The beginner trap: Harvesting yarrow too late in the bloom cycle gives you bitter, over-mature flowers that can make the wine harsh — pick the heads when they’re fully open but still fresh.

Ingredients

  • 1 gallon yarrow flowering tops, freshly picked and rinsed
  • 2 lbs finely granulated white sugar
  • 7 pints water
  • 1 lemon, juiced
  • 1 orange, juiced
  • 1 tsp yeast nutrient
  • 1 packet Sauterne wine yeast (or any dry white wine yeast)

Method

  1. Bring the water to a full boil.
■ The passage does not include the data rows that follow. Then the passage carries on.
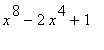 x^8-2*x^4+1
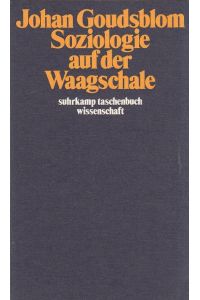 Soziologie auf der Waagschale.   - Übers. von Frank Heider u. Bernhard Wirth, Suhrkamp-Taschenbücher Wissenschaft ; 223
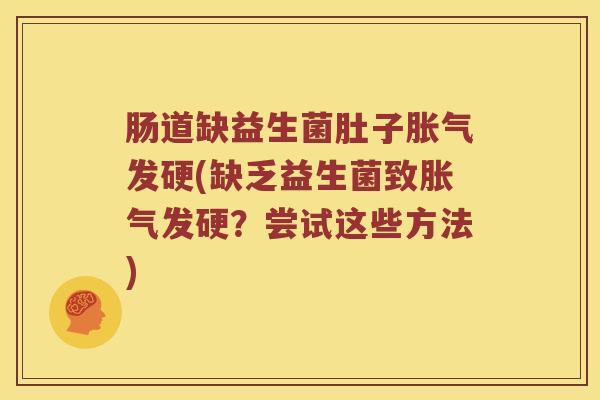 肠道缺益生菌肚子发硬(缺乏益生菌致发硬?尝试这些方法) 肠道缺益生菌肚子发硬(缺乏益生菌致发硬?尝试这些方法)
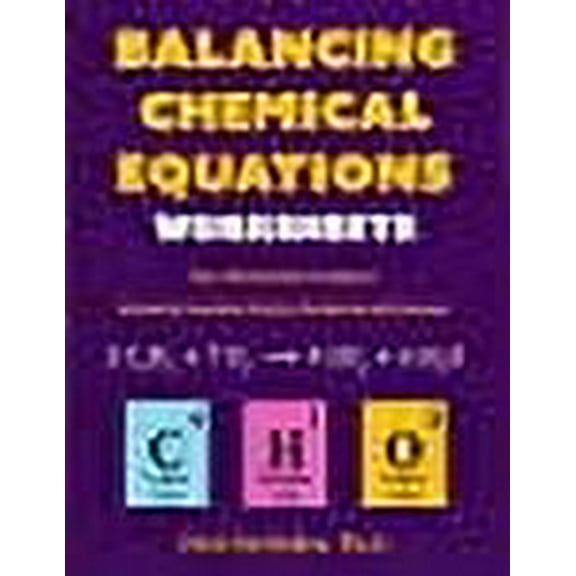 Balancing Chemical Equations Worksheets (Over 200 Reactions to Balance): Chemistry Essentials Practice Workbook with Answers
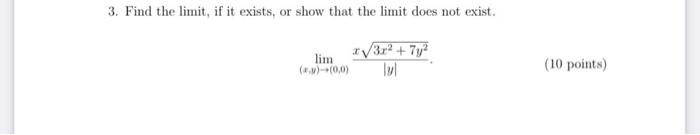 3 Find The Limit If It Exists Or Show That The Limit Does Not Exist Lim 0 0 3x 7y2 Lyl 10 Points 1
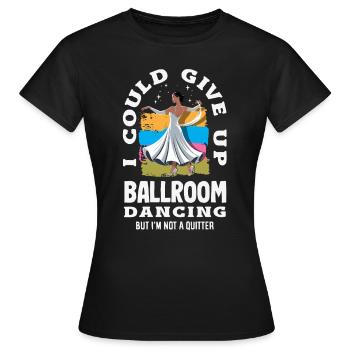 Give Up Ballroom Dancing Not A Quitter - Frauen T-Shirt - Schwarz - Vorne - AI Model Female 172 dark (172cm)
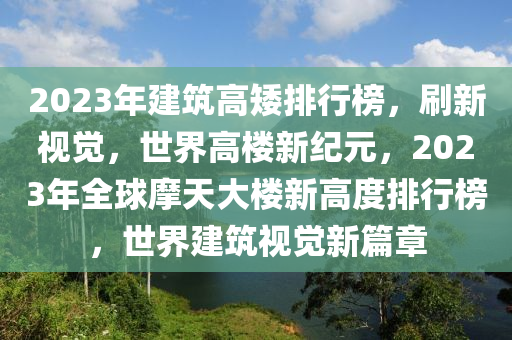 2023年建筑高矮排行榜，刷新视觉，世界高楼新纪元，2023年全球摩天大楼新高度排行榜，世界建筑视觉新篇章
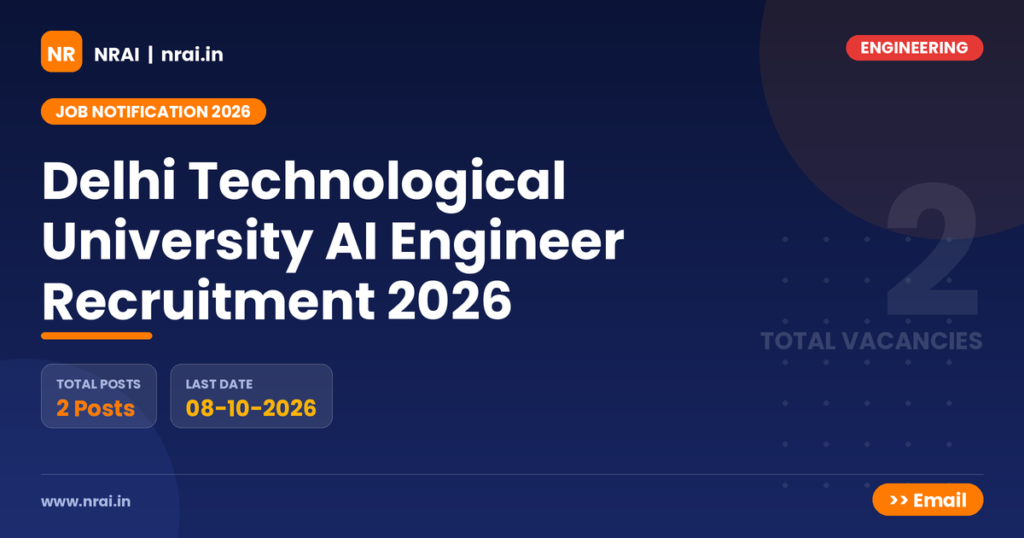 Delhi Technological University AI Engineer Recruitment 2026 - NRAI nrai.in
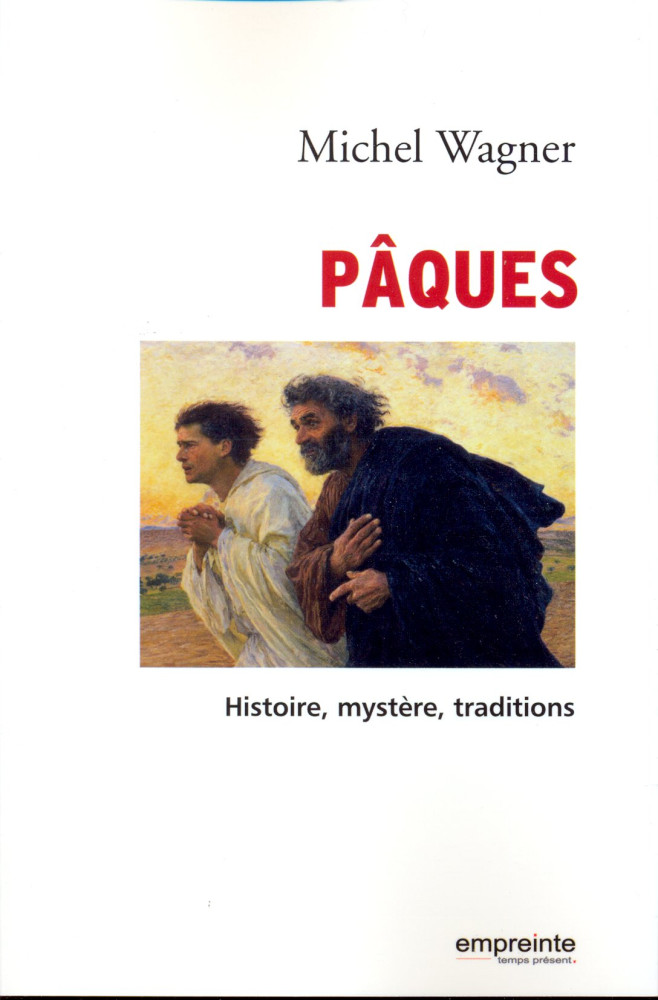 Pâques, histoire, mystère et traditions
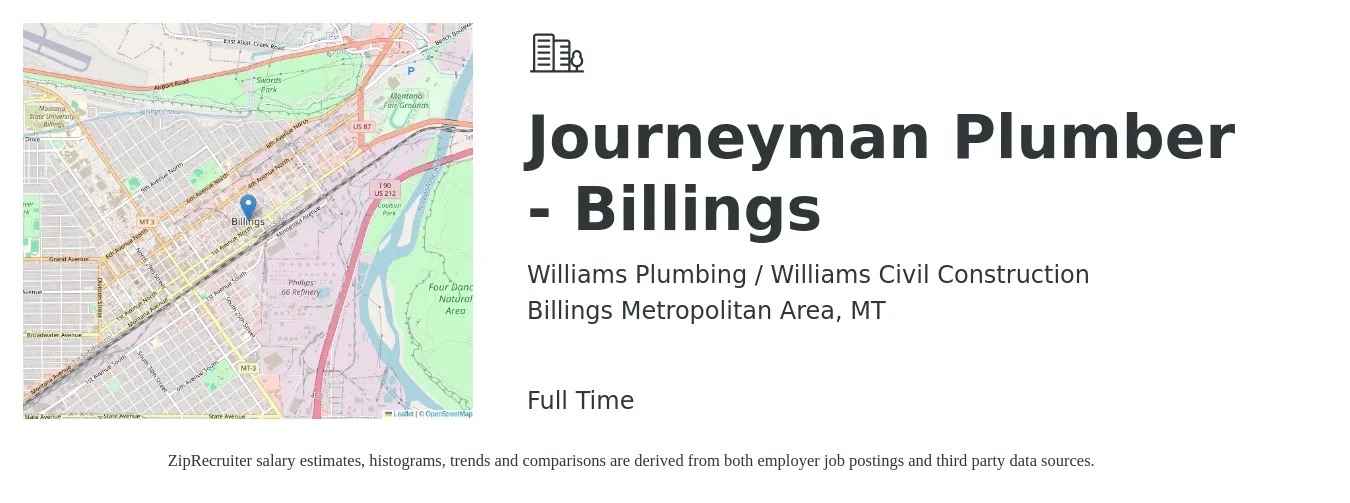 Williams Plumbing / Williams Civil Construction job posting for a Journeyman Plumber - Billings in Billings Metropolitan Area, MT with a salary of $42 Hourly with a map of Billings Metropolitan Area location.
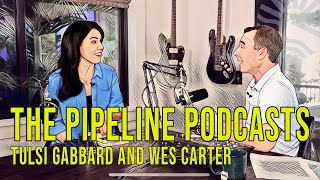 The Pipeline Podcast with Wes Carter and Tulsi Gabbard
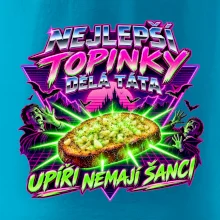 Nejlepší topinky dělá táta Upíři nemají šanci
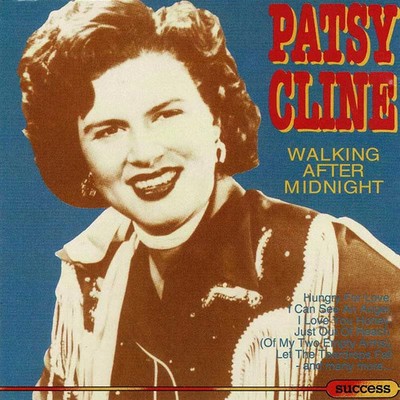 Patsy Cline - Walking After Midnight. CD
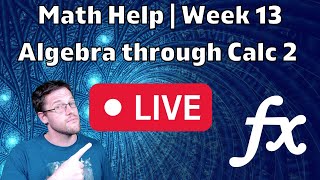 Math Help | Week 13: Algebra through Calc 2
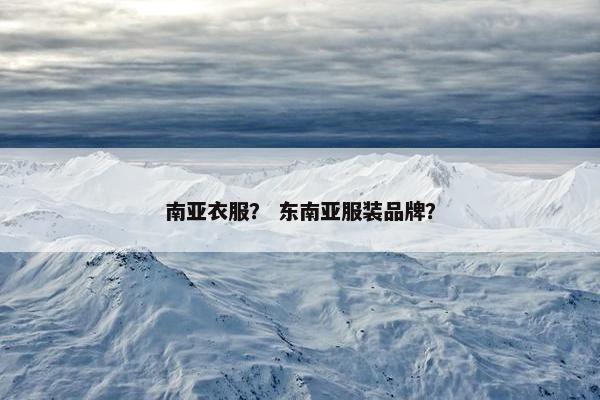 南亚衣服？ 东南亚服装品牌？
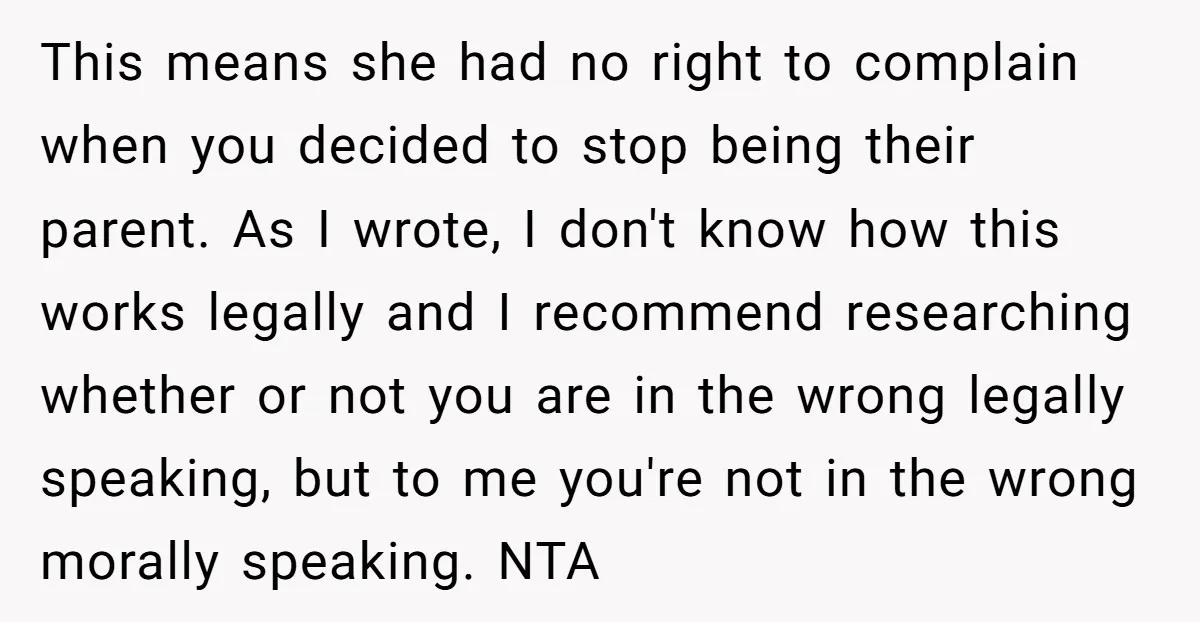 This means she had no right to complain when you decided to stop being their parent. As I wrote, I don't know how this works legally and I recommend researching...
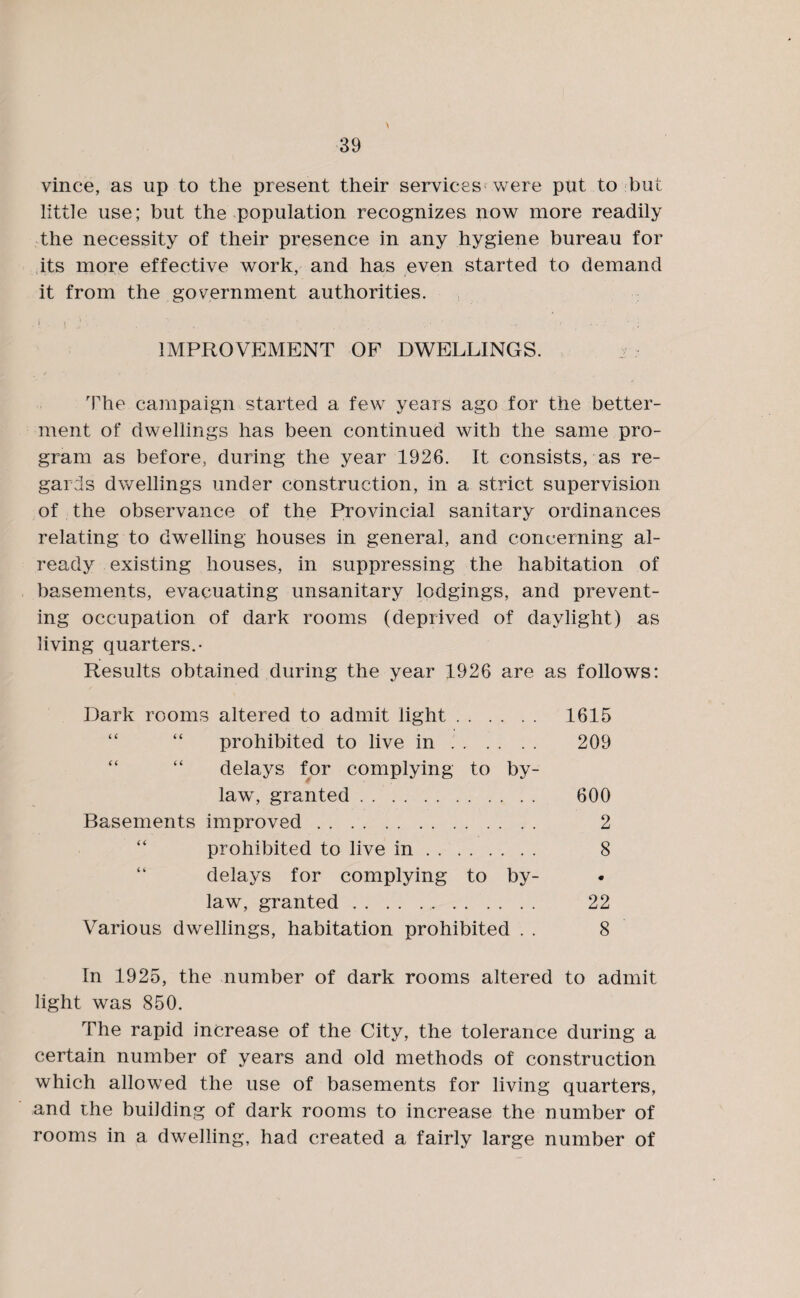 \ vince, as up to the present their services were put to but little use; but the population recognizes now more readily the necessity of their presence in any hygiene bureau for its more effective work, and has even started to demand it from the government authorities. . | . \ j '• . t ‘ ' _ • ’ . - . - / • ; IMPROVEMENT OF DWELLINGS. 2 ; rFhe campaign started a few years ago for the better¬ ment of dwellings has been continued with the same pro¬ gram as before, during the year 1926. It consists, as re¬ gards dwellings under construction, in a strict supervision of the observance of the Provincial sanitary ordinances relating to dwelling houses in general, and concerning al¬ ready existing houses, in suppressing the habitation of basements, evacuating unsanitary lodgings, and prevent¬ ing occupation of dark rooms (deprived of daylight) as living quarters.- Results obtained during the year 1926 are as follows: Dark rooms altered to admit light. 1615 “ “ prohibited to live in .. 209 “ delays for complying to by¬ law, granted. 600 Basements improved. 2 prohibited to live in. 8 delays for complying to by¬ law, granted. 22 Various dwellings, habitation prohibited . . 8 In 1925, the number of dark rooms altered to admit light was 850. The rapid increase of the City, the tolerance during a certain number of years and old methods of construction which allowed the use of basements for living quarters, and the building of dark rooms to increase the number of rooms in a dwelling, had created a fairly large number of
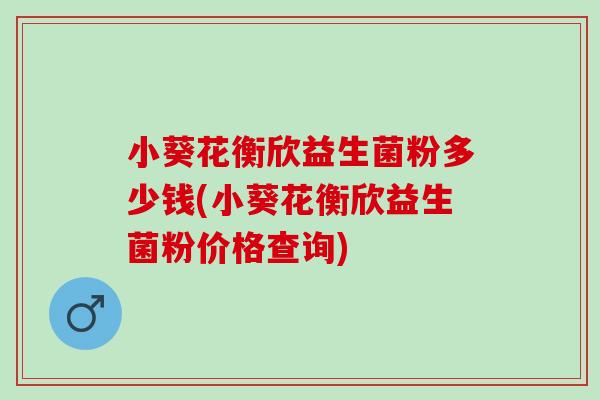 小葵花衡欣益生菌粉多少钱(小葵花衡欣益生菌粉价格查询)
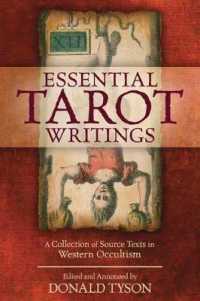 Essential Tarot Writings : A Collection of Source Texts in Western Occultism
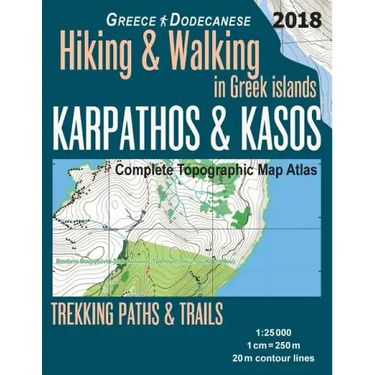 Karpathos & Kasos Complete Topographic Map Atlas 1: 25000 Greece Dodecanese Hiking & Walking in Greek Islands Trekking Paths & Trails: Trails, Hikes &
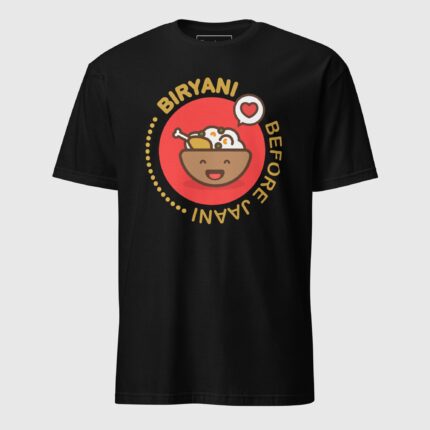 Biryani Before Jaani Short-Sleeve Unisex T-Shirt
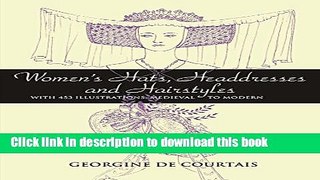 Read Women s Hats, Headdresses and Hairstyles: With 453 Illustrations, Medieval to Modern (Dover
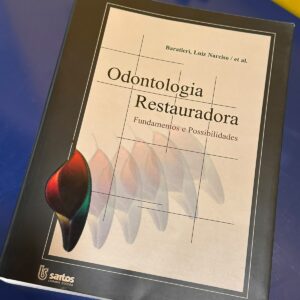 Livro de Odontologia Restauradora – Conhecimento Essencial para uma Prática Clínica de Excelência
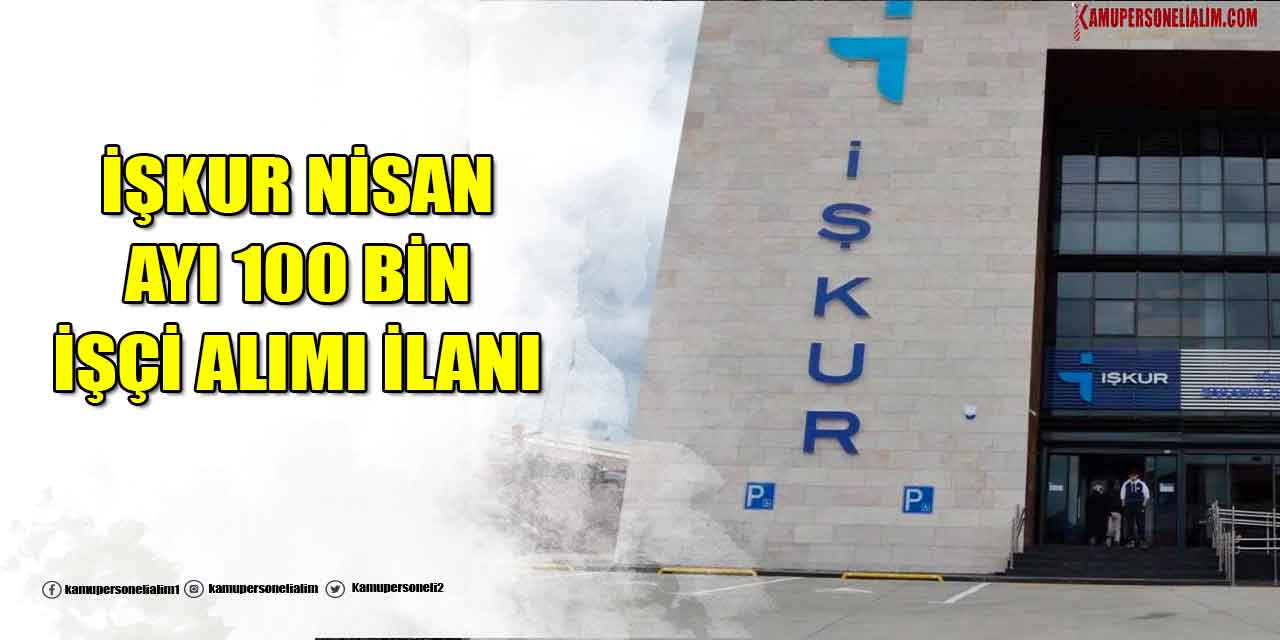 İŞKUR Nisan Ayı 100 Bin Kamu İşçi Alımı İlanı Yayımladı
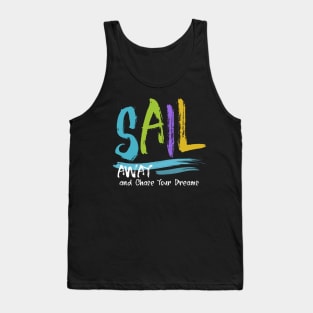 Sail Away and Chase Your Dreams, Sailing Quotes Tank Top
While it heats, trim the thick stems from the flower heads and place the flowers in your primary fermenter.
  2. Add the sugar and the juice from the lemon and orange directly to the flowers.
  3. Pour the boiling water over everything and stir thoroughly until the sugar is completely dissolved.
  4. Cover the fermenter and let the must cool to room temperature, around 65–75°F.
  5. Activate your yeast according to the packet instructions, then stir it into the cooled must and re-cover.
  6. After 5 days, strain out the flowers and discard them, keeping the liquid.
  7. Continue fermentation until the specific gravity drops to 1.015, then rack the wine into a secondary fermenter and attach an airlock.
  8. After 6 weeks, rack again, top up to minimize headspace, and reattach the airlock.
  9. Repeat that racking step after another 6 weeks.
  10. Stabilize the wine, sweeten to your taste, and let it rest for 2 weeks.
  11. Rack into bottles and age for at least 6 months before opening.

Why this works

Yarrow flowers carry aromatic compounds — camphor, achilleic acid, and various terpenes — that give the wine its herbal backbone. Boiling water extracts these volatile compounds efficiently without the harsh tannins you’d get from a long cold soak. The citrus juice does double duty: it drops the pH into a range where yeast thrive and spoilage organisms struggle, and it adds a brightness that balances yarrow’s earthy bitterness. A Sauterne-style yeast is chosen here because it ferments cleanly at moderate temperatures and leaves just enough residual character to complement floral wines — it stays out of the way and lets the flower do the talking.

Notes

Any dry white wine yeast works fine if Sauterne yeast isn’t available at your local homebrew shop — Lalvin 71B is a solid grocery-store-accessible alternative. If you can’t forage yarrow yourself, dried yarrow flowers are available online; use about 2–3 oz dried in place of 1 gallon fresh. Avoid harvesting from roadsides or sprayed fields.